# better dutchman bits



## rout1111 (Sep 23, 2008)

I have a Colt and have never really liked it. Partly because I never found a good strong bit for Dutchman that worked good.I have bent bits and broken them.And I find it hard to see where the bit is cutting.Anyone have advice and maybe a video on how to master the trim router doing inlay and dutchman..>>thanks


----------



## Semipro (Mar 22, 2013)

This how I inlay with my colt( I bought the plunge adapter)
Then you need a clear base for your template pc guides
http://m.youtube.com/watch?autoplay=1&v=gFeT2ss1t28
Pat warrens has them if you do not want to make your own
ROUTER WOODWORKINGi


----------



## jw2170 (Jan 24, 2008)

Hi Joe, for plain 'Dutchman' inlays, I would use basic inlay kit.

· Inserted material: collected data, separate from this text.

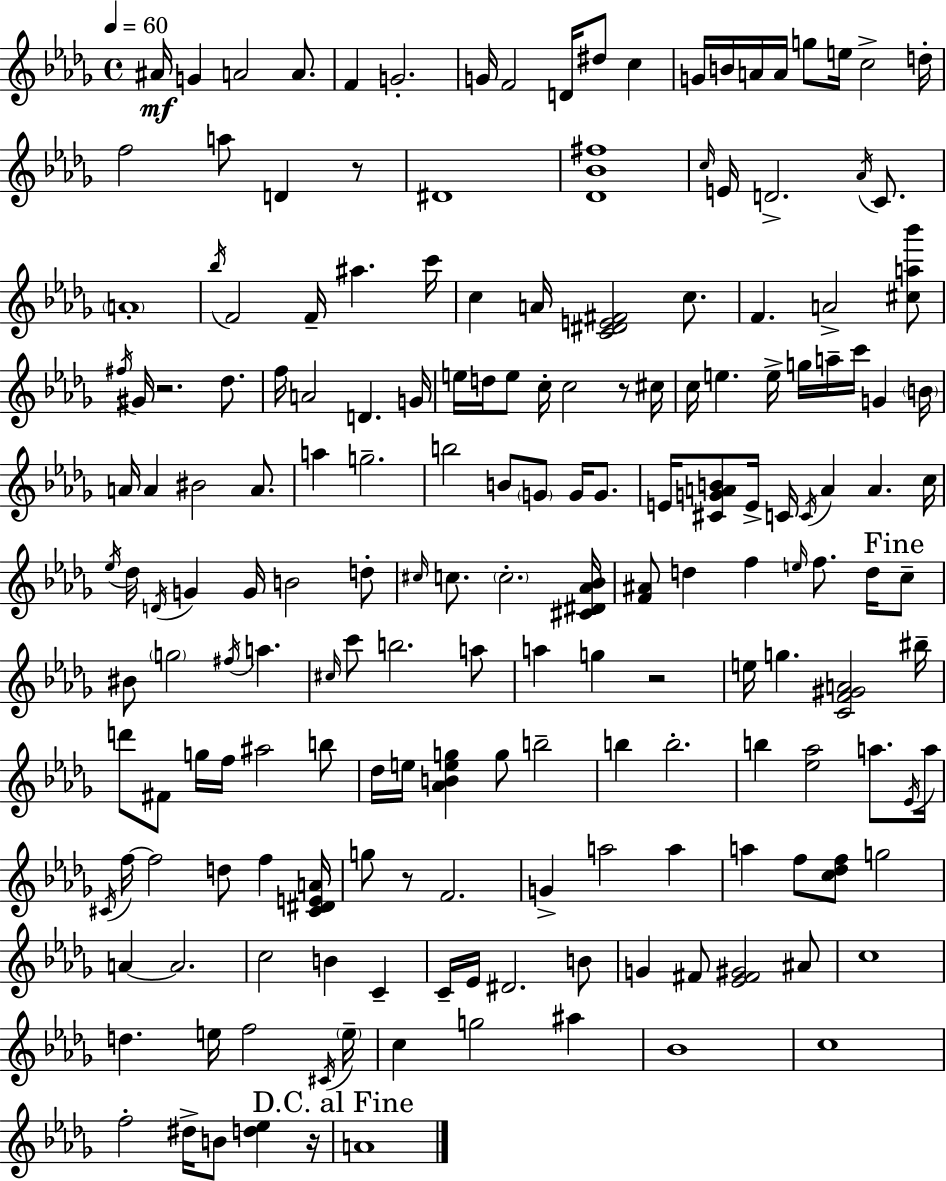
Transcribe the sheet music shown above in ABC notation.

X:1
T:Untitled
M:4/4
L:1/4
K:Bbm
^A/4 G A2 A/2 F G2 G/4 F2 D/4 ^d/2 c G/4 B/4 A/4 A/4 g/2 e/4 c2 d/4 f2 a/2 D z/2 ^D4 [_D_B^f]4 c/4 E/4 D2 _A/4 C/2 A4 _b/4 F2 F/4 ^a c'/4 c A/4 [C^DE^F]2 c/2 F A2 [^ca_b']/2 ^f/4 ^G/4 z2 _d/2 f/4 A2 D G/4 e/4 d/4 e/2 c/4 c2 z/2 ^c/4 c/4 e e/4 g/4 a/4 c'/4 G B/4 A/4 A ^B2 A/2 a g2 b2 B/2 G/2 G/4 G/2 E/4 [^CGAB]/2 E/4 C/4 C/4 A A c/4 _e/4 _d/4 D/4 G G/4 B2 d/2 ^c/4 c/2 c2 [^C^D_A_B]/4 [F^A]/2 d f e/4 f/2 d/4 c/2 ^B/2 g2 ^f/4 a ^c/4 c'/2 b2 a/2 a g z2 e/4 g [CF^GA]2 ^b/4 d'/2 ^F/2 g/4 f/4 ^a2 b/2 _d/4 e/4 [_ABeg] g/2 b2 b b2 b [_e_a]2 a/2 _E/4 a/4 ^C/4 f/4 f2 d/2 f [^C^DEA]/4 g/2 z/2 F2 G a2 a a f/2 [c_df]/2 g2 A A2 c2 B C C/4 _E/4 ^D2 B/2 G ^F/2 [_E^F^G]2 ^A/2 c4 d e/4 f2 ^C/4 e/4 c g2 ^a _B4 c4 f2 ^d/4 B/2 [d_e] z/4 A4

Some come with 1/8" cutters and some use 1/4" cutters.

MLCS router inlay set

If you are bending and breaking cutters, you must be going too deep and putting too much sideways pressure on the cutter.


----------



## rout1111 (Sep 23, 2008)

is there a 3/8 bit for the colt??


----------



## jw2170 (Jan 24, 2008)

Hi Joe, doesn't the colt take 1/4" shank cutters? 

If so, any 1/4" shank 3/8" cutter should fit.

Why do you need a 3/8" cutter? Remember, it will still only have a 1/4" shank.


----------